Paper No. ICONE18-30338, pp. 365-368; 4 pages
doi:10.1115/ICONE18-30338
From:
  • 18th International Conference on Nuclear Engineering
  • 18th International Conference on Nuclear Engineering: Volume 6
  • Xi’an, China, May 17–21, 2010
  • Conference Sponsors: Nuclear Engineering Division
  • ISBN: 978-0-7918-4934-7
  • Copyright © 2010 by Atomic Energy of Canada Ltd.

abstract

The ACR-1000™ design is an evolutionary advancement of the proven CANDU® reactor design that delivers enhanced economic performance, safety, operability and maintainability. The fuel for the ACR-1000 design is based on the well established CANDU fuel bundle design that has over 40 years of demonstrated high performance.
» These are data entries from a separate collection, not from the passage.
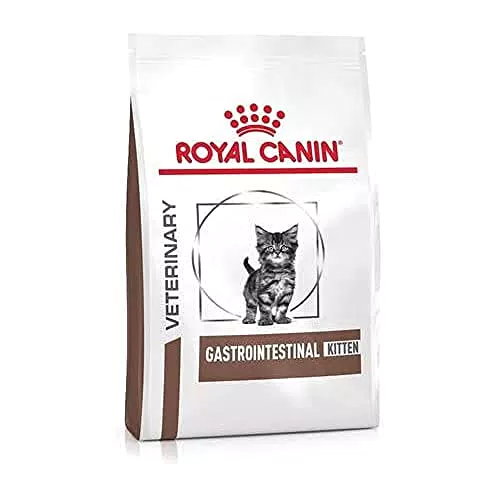 ROYAL CANIN Gattino intestinale Gastro Feline 400G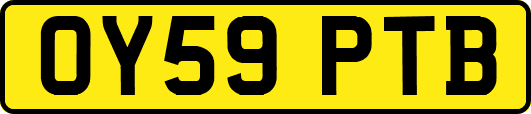 OY59PTB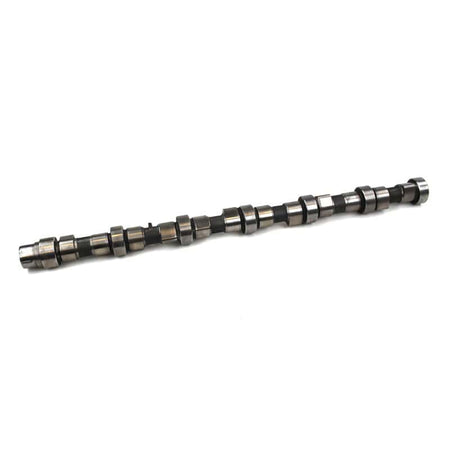 Industrial Injection Engine Industrial Injection PDM-007HP - 5.9L CR Cummins Stage 2 Camshaft (210/220)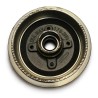TAMBURO FRENO PER FORD FIESTA -89 6046462 IMAP 1012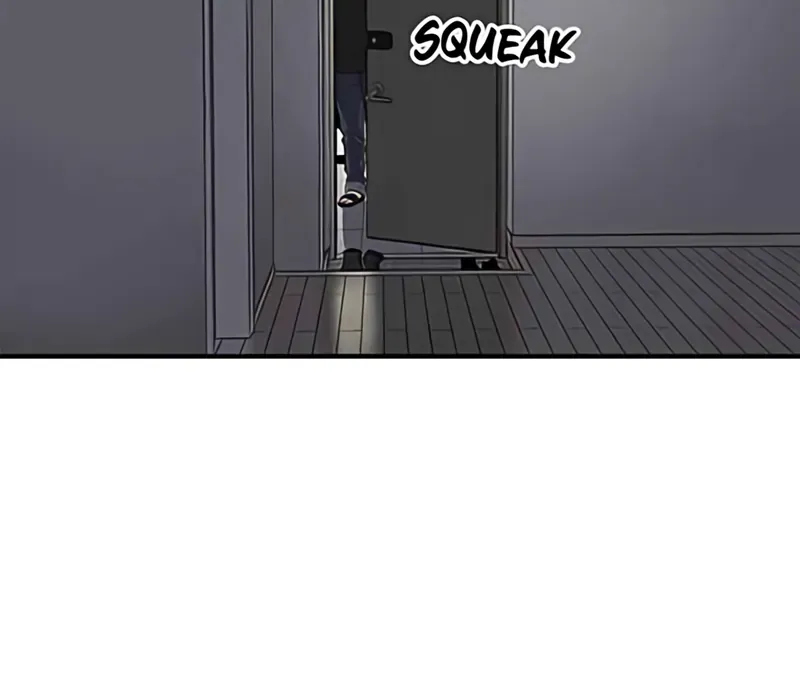 Suhee0 Chapter 175 page 70 - 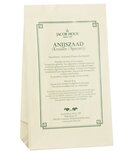 Anijszaad (geel zakje) Jacob Hooy 50g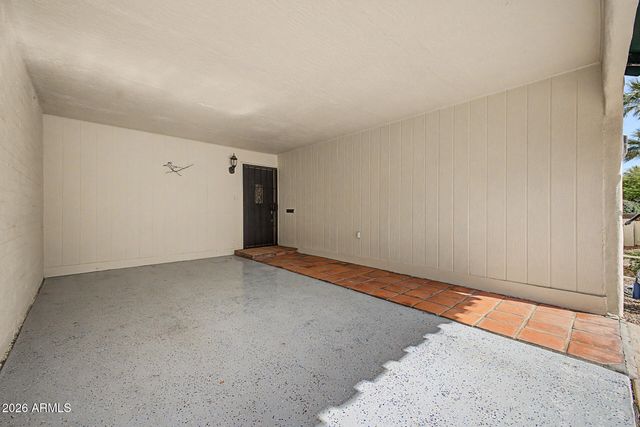 5233 N 78TH Street, Scottsdale, AZ 85250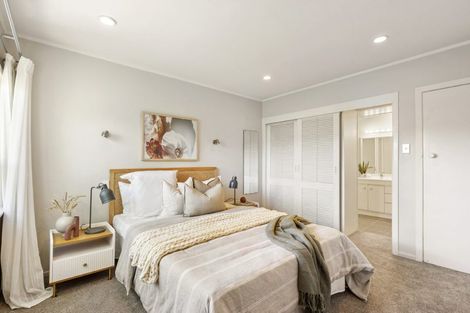 Photo of property in 1/32 Prospect Terrace, Milford, Auckland, 0620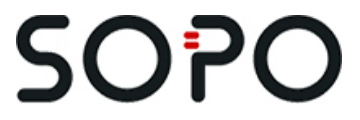 SOPO Onlineshop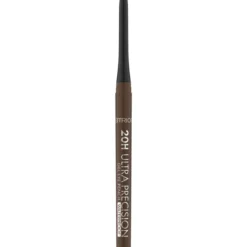 20H Ultra Precision Matita Occhi Gel Waterproof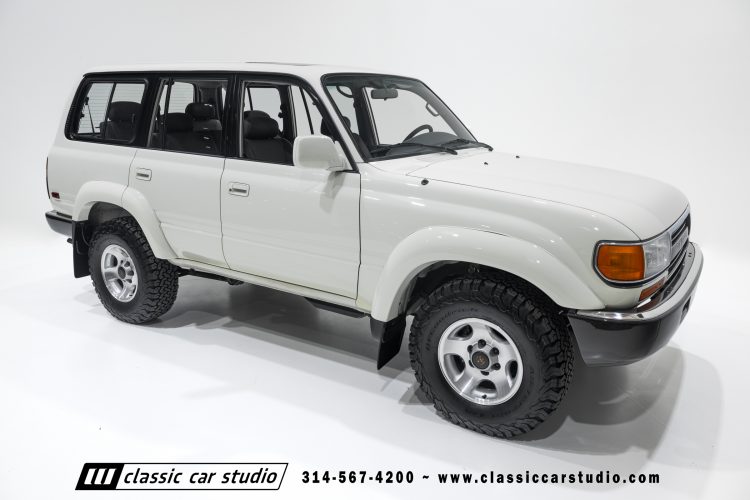 95_Toyota_Land_Cruiser_2299-87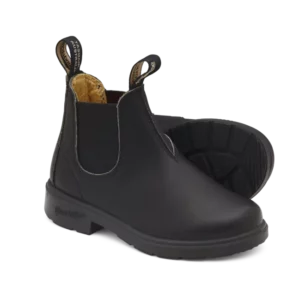 blund-boots-531-noir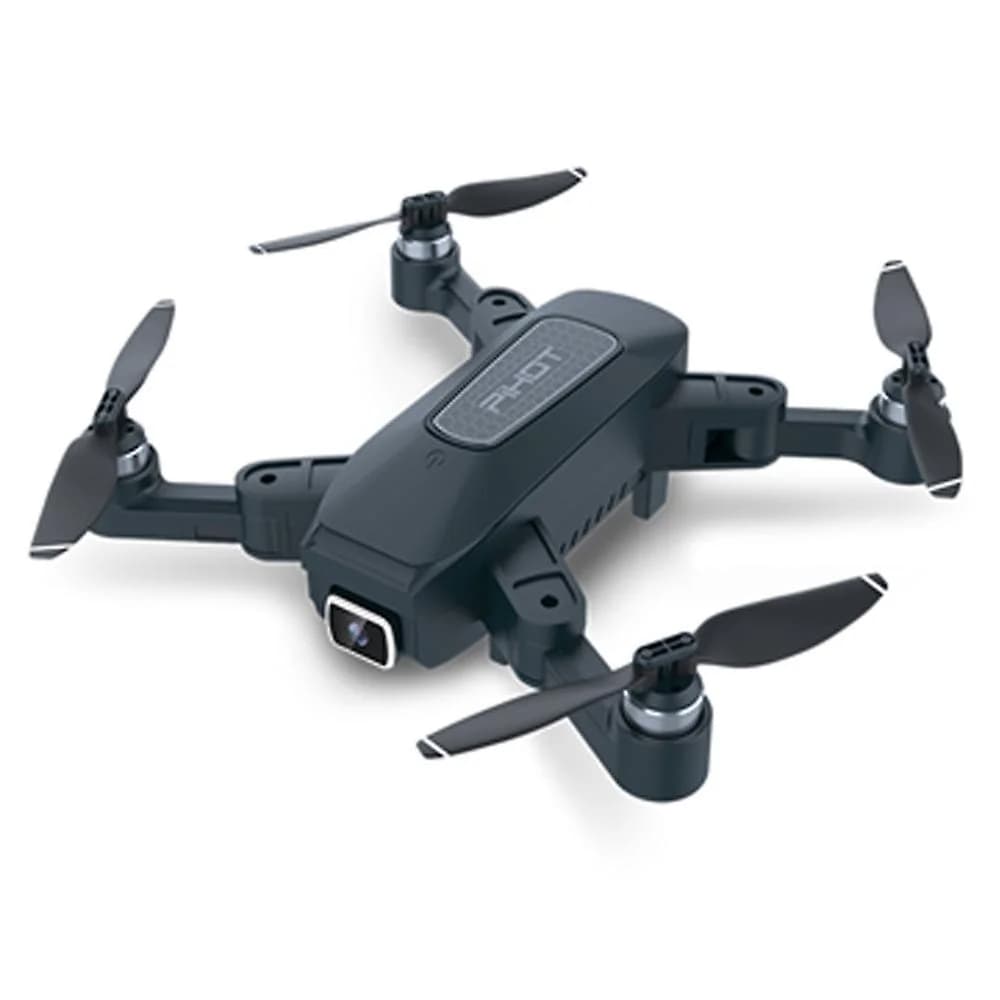 PIHOT P30 Pro 4K Drone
Building on its extensive experience in fuel design and analysis, and fuel testing, AECL has designed a CANFLEX-ACR™ fuel bundle that incorporates the latest improvements in CANDU fuel bundle design. The ACR-1000 fuel bundle also includes features that enable the ACR-1000 to achieve higher fuel burn-up and improved reactor core physics characteristics. To verify that the CANFLEX-ACR fuel bundle design will meet and exceed all design requirements, an extensive program of design analysis and testing is being carried out. This program rigorously evaluates the ability of the fuel design to meet all design and performance criteria and particularly those related to fuel failure limits. The design analyses address all of the phenomena that affect the fuel during its residence in the reactor core. Analysis is performed using a suite of computer codes that are used to evaluate the temperatures, deformations, stresses and strains experienced by the fuel bundle during its residence in the reactor core. These analyses take into account the impact of fuel power history and core residence time. Complementing the analyses, testing is performed to demonstrate the compatibility of the fuel with the reactor heat transport system and fuel handling systems, and to demonstrate the ability of the fuel to withstand the mechanical forces that it will experience during its residence in the core. The testing program includes direct measurement of prototype fuel element and fuel bundle properties and performance limits. A number of different test facilities are used including a cold test loop and a hot test loop with a full-scale ACR-1000 fuel channel that operates at reactor coolant temperatures, pressures and flows. This paper summarizes the out-reactor test program and related analysis that provide the basis for verifying that the ACR-1000 fuel design meets its requirements.